Wednesday, April 22, 2009

Seasonal Sell Signal? Thoughts

Checking out Sy Harding's blog to see if he issued a seasons in the sun sell signal yesterday, as the MACD for the DOW crossed down.  The SP500 was close, but held up.  This is all it says:

Wednesday, April 22, 2009. 9:15 a.m.

April 22nd, 2009 Subscribers: There is another new hotline update on your website from last evening, and there will be an in-depth ‘Markets Signals and Recommendations’ update on your website later today.

Usually the information leaks out, but haven't found anything yet via The Google. 

Another seasonal timer is Jeffery Hirsch, and I found this from a CNBC column:

The timing of this rally also does not bode well for what lies ahead, says Jeffery Hirsch, editor of the Stock Trader's Almanac, who notes the market's traditional bullish period runs from November-April.

"Some of the old seasonality may not be in effect; that in itself is a negative indication," says Hirsch. "We've stalled at that 8000-ish resistance level and we’ve got the bad season coming on."
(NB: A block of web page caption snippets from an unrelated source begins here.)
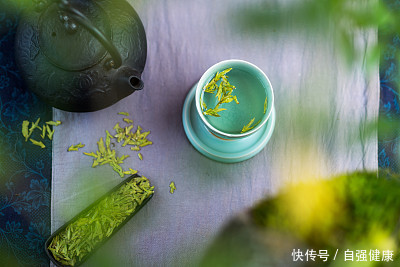 尿酸高,小心4种病!降尿酸,日常多吃四菜、多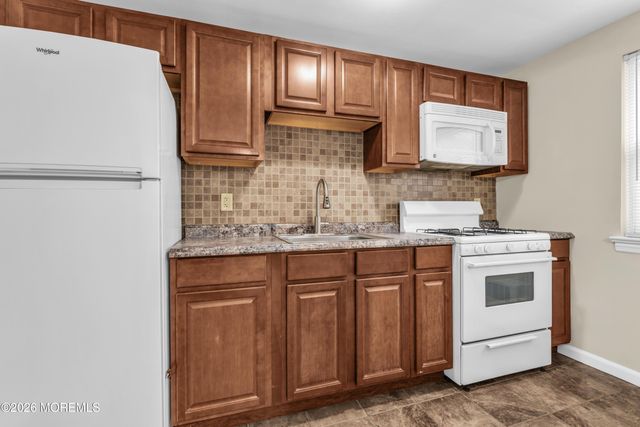 85 Manor Drive, Red Bank, NJ 07701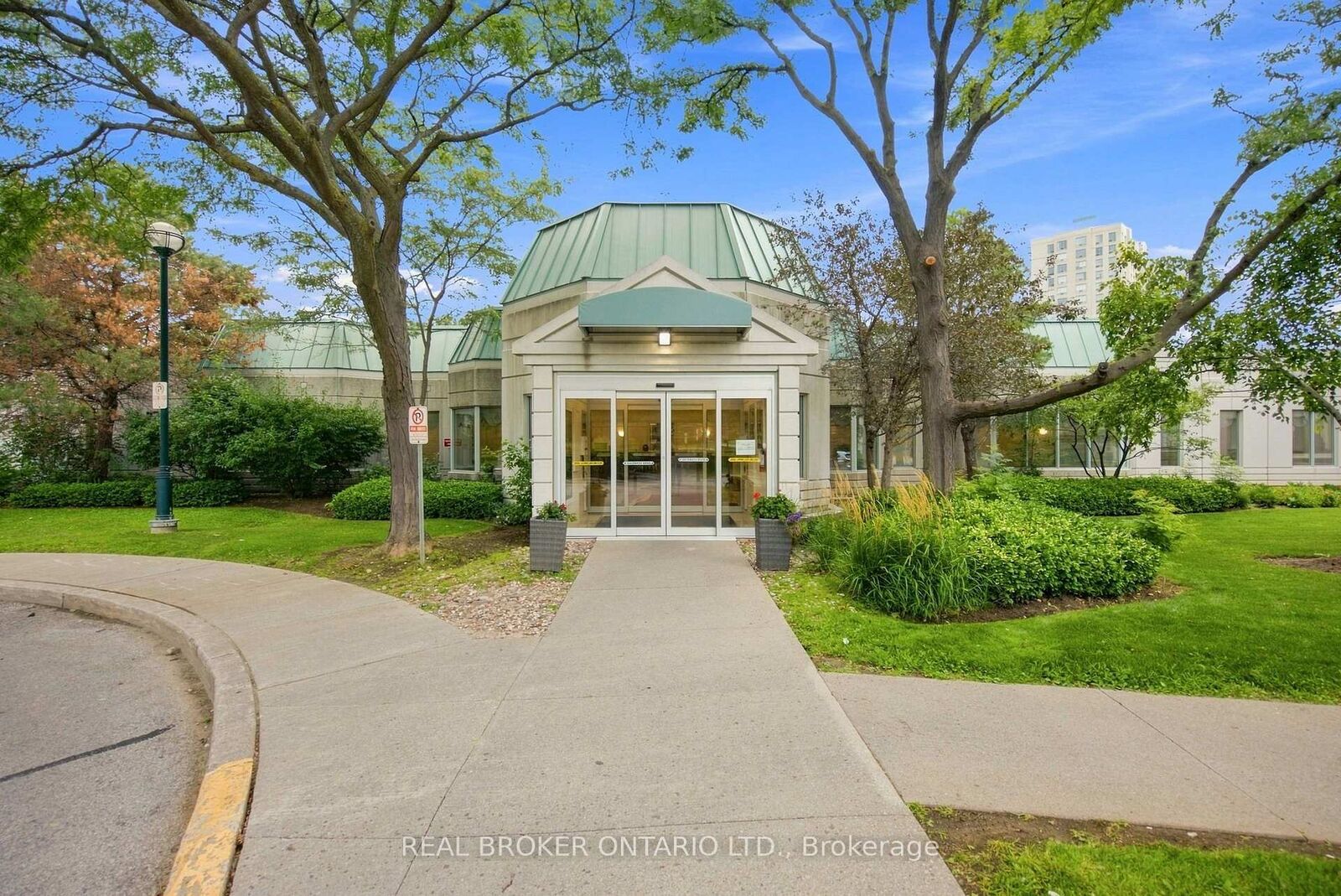 Property Photo:  5001 Finch Avenue E 709  ON M1S 5J9 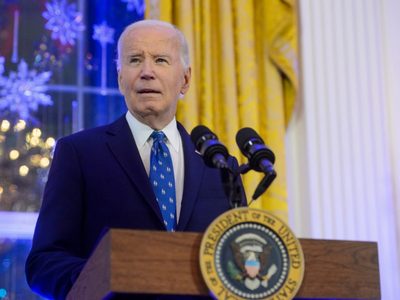 Biden promete reducir gases de efecto invernadero de EU en más del 60% al dejar el cargo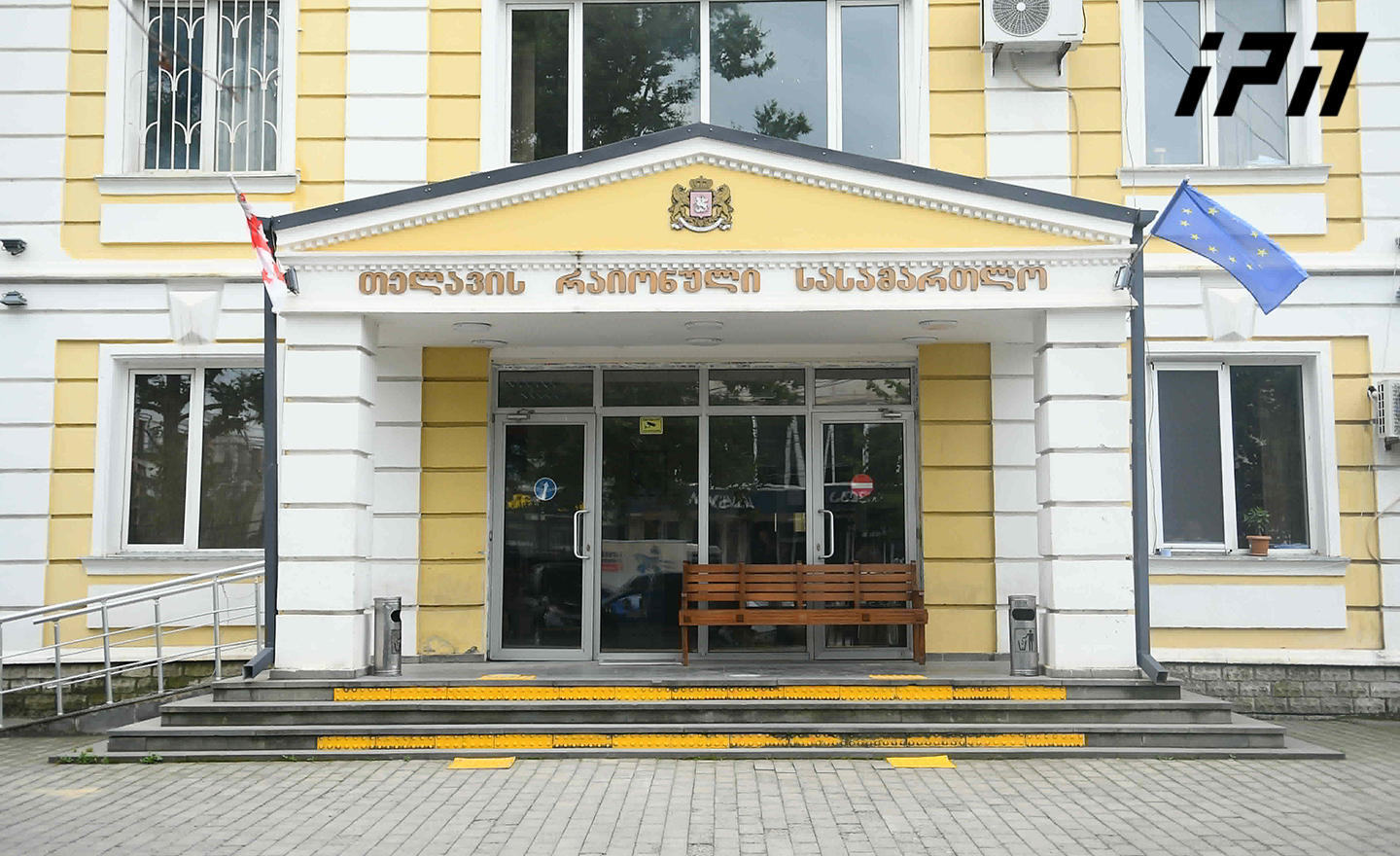 თელავის რაიონულ სასამართლოში ერთ-ერთ სასტუმროში ქორწილის მიმდინარეობისას მომხდარი ინციდენტის საქმეზე დაკავებულ გიორგი ჭიღლაძის სასამართლო სხდომა მიმდინარეობს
Hirsch notes that the Dow has had only four up months in the 17 dating back to Nov 2007--right after the record highs of October--and that the market has posted gains on only two Mondays since early December, suggesting investors don't want to jump back in after the weekend when they are traditionally loathe to be long. 

That sort of bearishness does not mix well with seasonal performance, especially when investors remember the two previous major false bottoms of this bear market.

I haven't done any "seasonal" moves, yet.  One thought would be that since the market has moved up since Monday's fall, stay with it until we have another large distribution day and/or an IBD sell signal.  Or wait until after the beginning of the month strength (should it happen).  But so far the market has moved up since Monday's selling, so no reason to act too soon and try to anticipate a top.  Could just wait and see what happens what internals look like should we revisit the top and try to break through.

Then should one raise cash, the next question is what do to with it.  Interest rates are nil, and who wants to go in short-term treasuries when the government is spending trillions via deficit spending?  (Especially if one thinks the economy is recoverying and the Fed will be behind the curve in anticipating inflation).